Molti impianti solari su larga scala operano su terreni precedentemente destinati alla produzione agricola. Tuttavia, la produzione di energia solare non è intrinsecamente incompatibile con le attività agricole. In effetti, l'agrivoltaico - o il posizionamento di un sistema di energia solare sullo stesso appezzamento di terreno della produzione agricola - può aiutare le comunità a preservare le attività o il patrimonio agricolo locale e ottenere benefici energetici puliti.
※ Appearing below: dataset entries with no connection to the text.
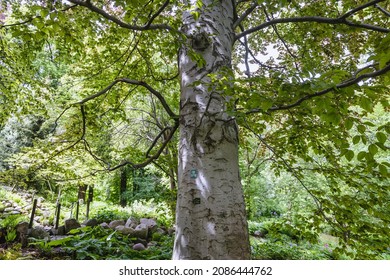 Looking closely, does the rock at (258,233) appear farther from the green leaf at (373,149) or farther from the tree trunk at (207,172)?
the green leaf at (373,149)

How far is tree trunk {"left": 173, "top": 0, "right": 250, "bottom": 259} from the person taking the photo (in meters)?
1.28

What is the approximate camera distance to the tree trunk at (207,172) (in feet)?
4.20

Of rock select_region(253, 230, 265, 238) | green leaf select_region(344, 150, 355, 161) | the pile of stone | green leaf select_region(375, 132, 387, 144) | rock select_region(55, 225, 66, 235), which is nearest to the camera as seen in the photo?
green leaf select_region(375, 132, 387, 144)

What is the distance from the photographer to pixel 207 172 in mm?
1412

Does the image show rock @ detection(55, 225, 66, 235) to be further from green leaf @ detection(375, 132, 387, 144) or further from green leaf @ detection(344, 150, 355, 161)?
green leaf @ detection(375, 132, 387, 144)

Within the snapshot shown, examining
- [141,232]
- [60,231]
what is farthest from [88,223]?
[141,232]

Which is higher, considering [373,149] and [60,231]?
[373,149]

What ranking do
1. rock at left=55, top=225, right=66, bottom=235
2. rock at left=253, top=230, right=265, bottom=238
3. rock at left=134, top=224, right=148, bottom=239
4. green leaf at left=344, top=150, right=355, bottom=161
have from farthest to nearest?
rock at left=253, top=230, right=265, bottom=238
rock at left=55, top=225, right=66, bottom=235
rock at left=134, top=224, right=148, bottom=239
green leaf at left=344, top=150, right=355, bottom=161

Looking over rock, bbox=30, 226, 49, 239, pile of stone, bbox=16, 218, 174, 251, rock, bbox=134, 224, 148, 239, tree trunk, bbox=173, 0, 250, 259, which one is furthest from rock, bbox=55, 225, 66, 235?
tree trunk, bbox=173, 0, 250, 259

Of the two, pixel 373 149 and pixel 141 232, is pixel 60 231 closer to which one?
pixel 141 232

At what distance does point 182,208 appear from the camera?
4.59ft

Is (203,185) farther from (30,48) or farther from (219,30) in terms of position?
(30,48) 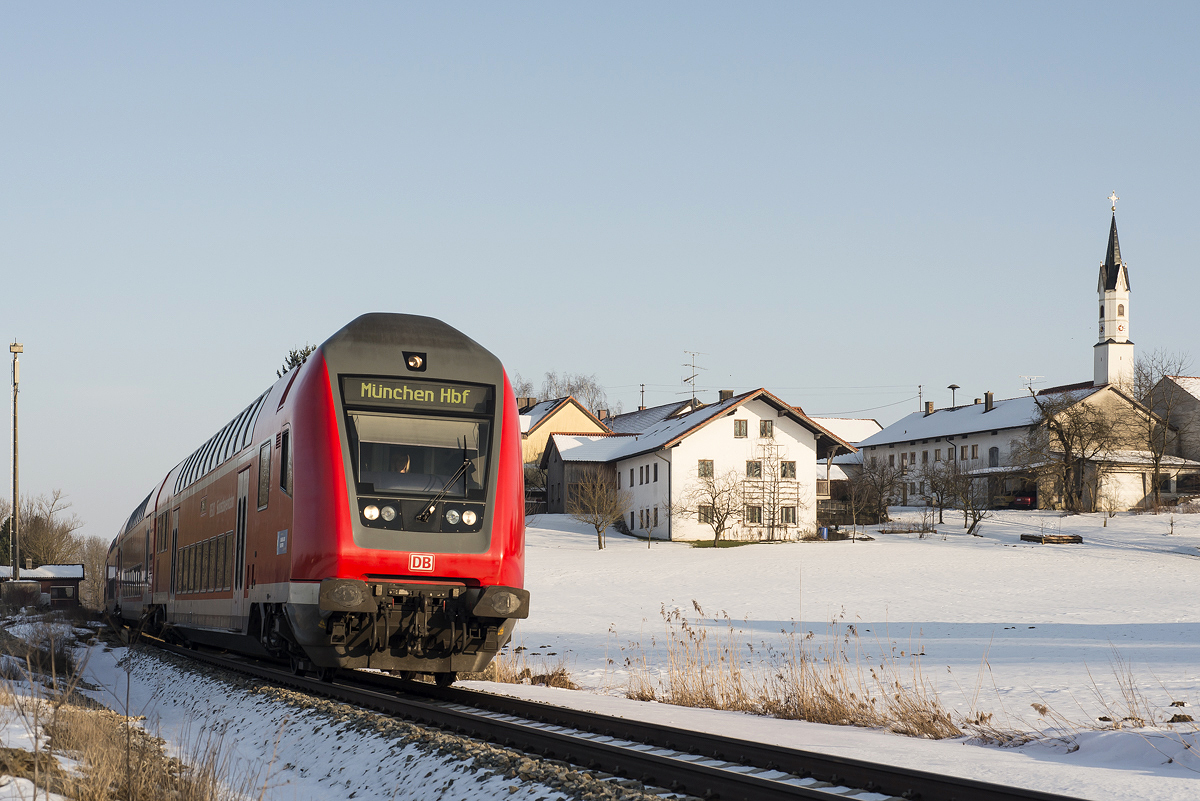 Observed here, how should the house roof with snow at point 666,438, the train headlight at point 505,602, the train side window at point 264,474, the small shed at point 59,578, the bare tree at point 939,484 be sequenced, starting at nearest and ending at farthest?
the train headlight at point 505,602 → the train side window at point 264,474 → the house roof with snow at point 666,438 → the bare tree at point 939,484 → the small shed at point 59,578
Oltre all'agrivoltaico, lo sviluppo solare su larga scala può anche espandere o preservare l'habitat della fauna selvatica. Ad esempio, un numero crescente di impianti solari sta incorporando una vegetazione nativa favorevole agli impollinatori o fornendo recinzioni rispettose della fauna selvatica.
Mentre alcuni sviluppatori solari stanno abbracciando l'agrivoltaico o progetti di progetti rispettosi della fauna selvatica, i pianificatori e i funzionari locali possono promuovere un'adozione più diffusa aggiornando i piani locali e le normative urbanistiche per richiedere o incentivare tipi o caratteristiche di progetti specifici. Le foto sottostanti illustrano come modifiche modeste al design della struttura possono espandere i vantaggi dello sviluppo solare.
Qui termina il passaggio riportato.